There are many reasons why patients don’t take their medications. Some forget. But often people don’t like the way they feel on a medication or they don’t understand their disease and why they need to take a drug, or they simply can’t afford it.

These issues will not be solved with technology. They are symptoms of a communication problem. Understanding patients’ experience of having an illness and taking a medication is essential to helping them comply with a treatment. This can’t occur in a 15 minute visit.

However lengthening the visit is an inadequate solution. Our model of healthcare as an interaction between a doctor or nurse and a patient does not work for the chronic diseases that plague our society.

The concept of a technology that allows an expansion of this traditional doctor-patient dyad is a good one. Recent work by behavioral economists highlights the value of harnessing social interactions with friends and relatives who are embedded in patients’ lives. Research indicates that behavior (good and bad) is contagious.

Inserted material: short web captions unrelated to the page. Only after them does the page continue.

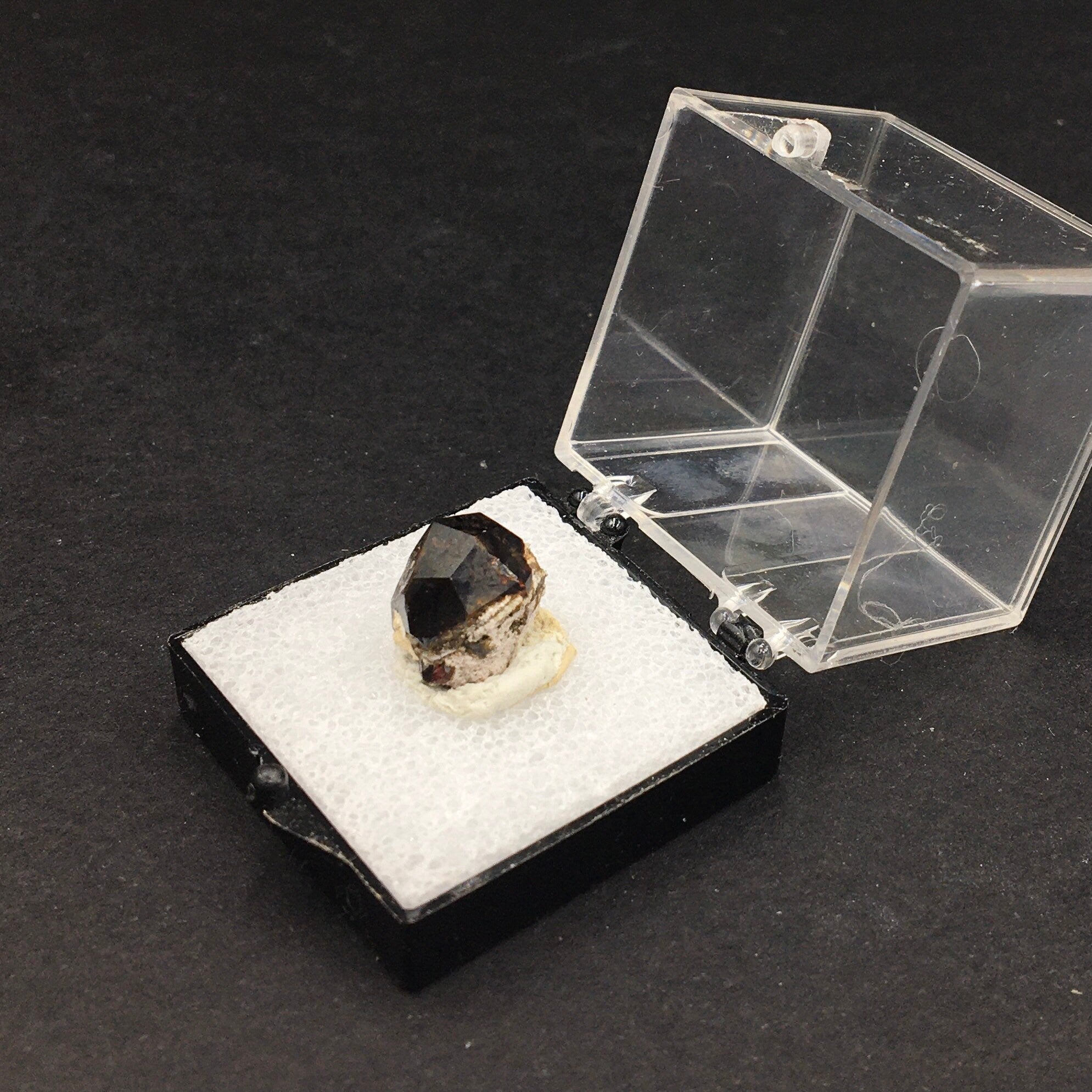 Almandine Garnet (Thumbnail Specimen)--Garnet Hill, White Pine, Nevada. USA TN1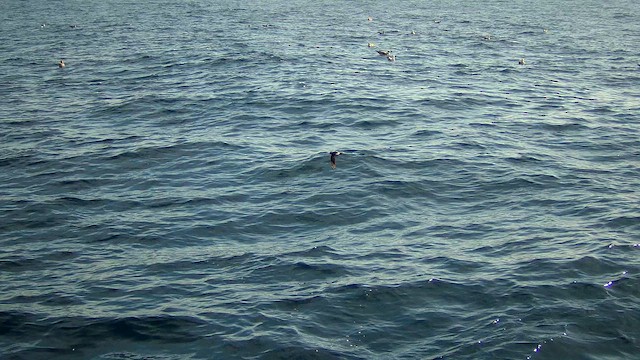 Wilson's Storm-Petrel - ML623849463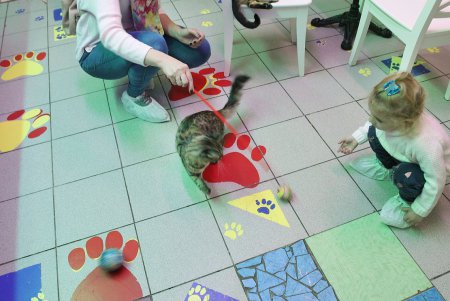 Одесская КОТейня (фоторепортаж)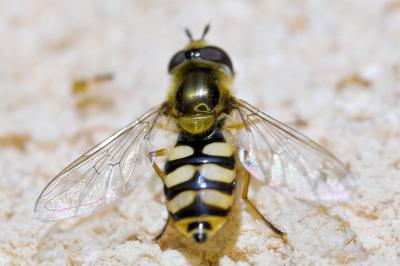 <i>Eupeodes corollae</i>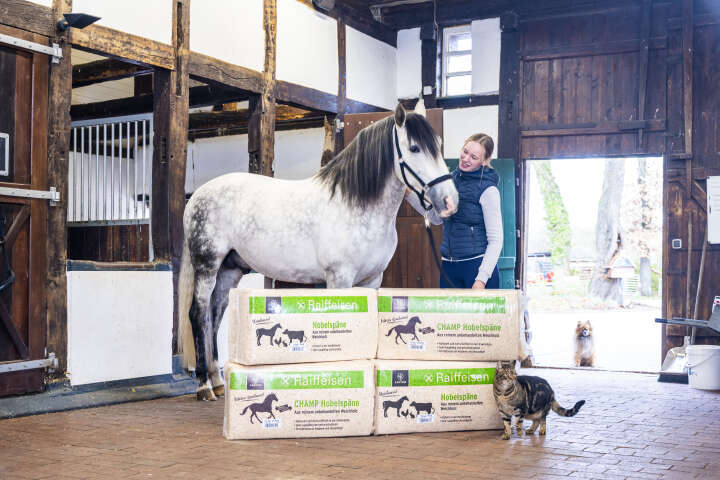 KANTRIE Hobelspäne Profi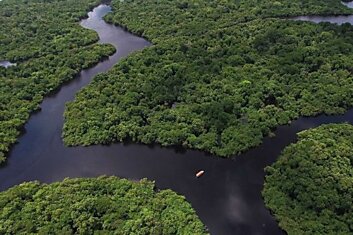 Почему нет смысла строить мост через Амазонку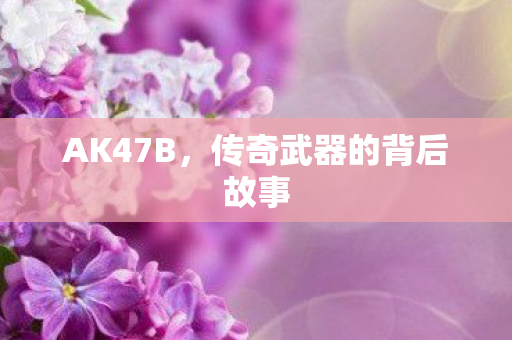 AK47B,传奇武器的背后故事 AK47B,传奇武器的背后故事
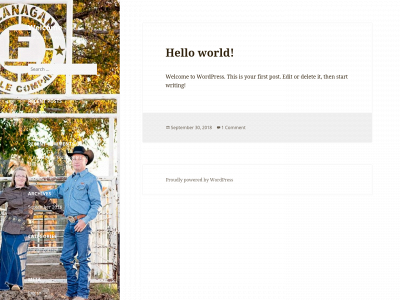 ranchmomblog.com snapshot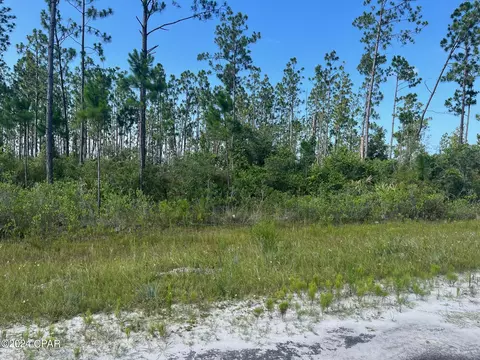 6 Chellsey St, Wewahitchka, FL 32465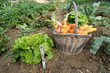 Cueillette de légumes au potager.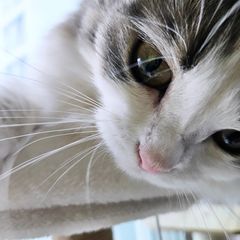 Roy 임대인의 프로필 이미지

You’re more likely to smoke if your social circle smokes, and more likely to quit if they quit. A doctor’s recommendation to stop smoking has had little effect.

The explosion of new biomedical techniques raises new issues. The first generation of gene therapies has arrived. Genetic manipulation to treat disease is an obvious good. What are the boundaries of the genetic modification of people? Will gene therapy be the new plastic surgery?

There is no question that ingestible event markers will soon be used in a variety of settings. Who will determine when data gathering technology becomes harmful?